Material to process:
—————

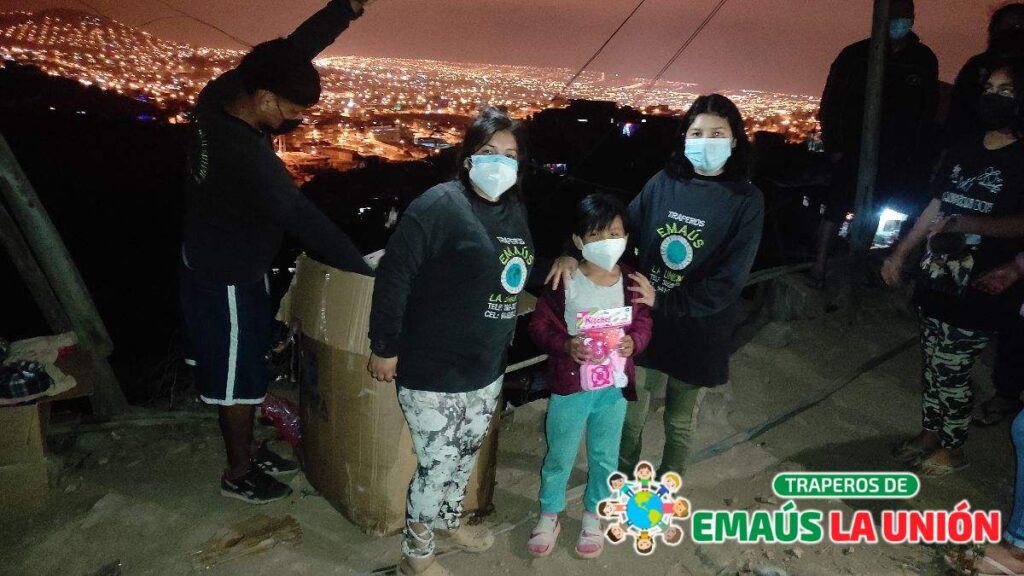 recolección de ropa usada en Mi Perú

—————

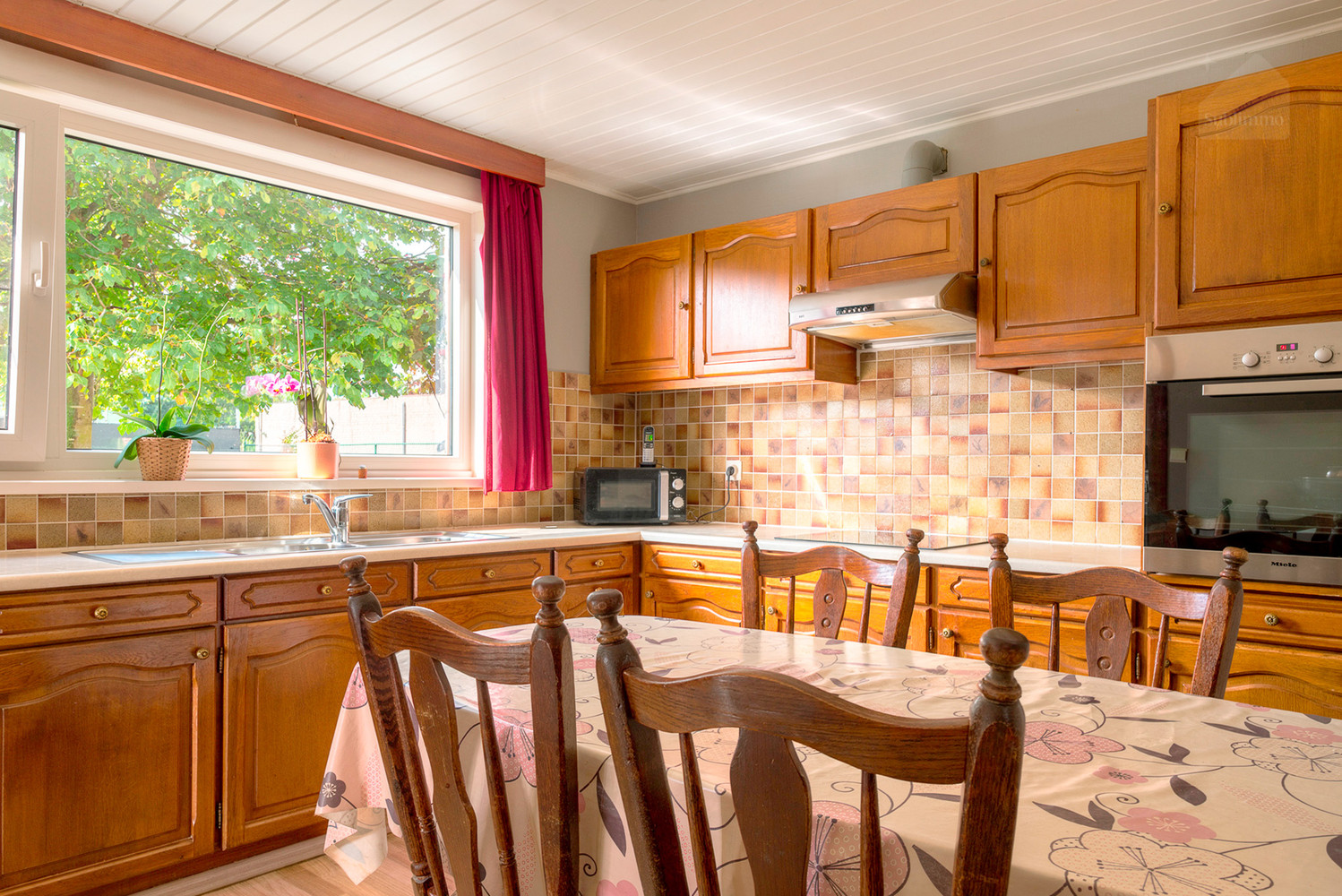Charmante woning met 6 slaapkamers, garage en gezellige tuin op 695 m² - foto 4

—————

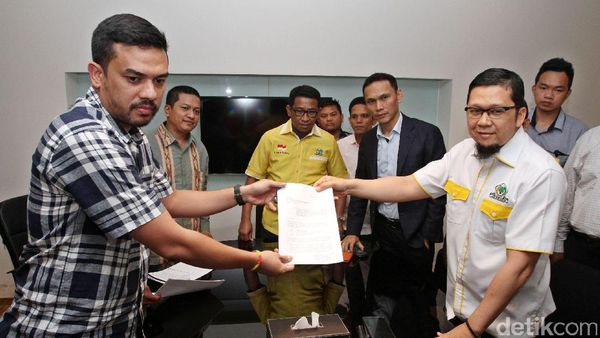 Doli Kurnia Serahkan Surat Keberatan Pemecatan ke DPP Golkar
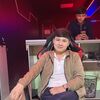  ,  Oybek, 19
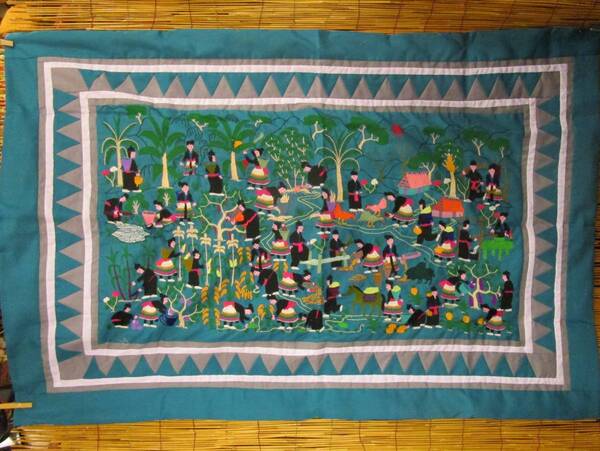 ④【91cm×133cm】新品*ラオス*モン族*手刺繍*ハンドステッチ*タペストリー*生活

—————

Activity: Look above for the line with "Doli Kurnia Serahkan" and the line with "④【91cm×133cm】新". Copy them and every line between, exactly, but no pictures.

Task output:
 Doli Kurnia Serahkan Surat Keberatan Pemecatan ke DPP Golkar
  ,  Oybek, 19
 ④【91cm×133cm】新品*ラオス*モン族*手刺繍*ハンドステッチ*タペストリー*生活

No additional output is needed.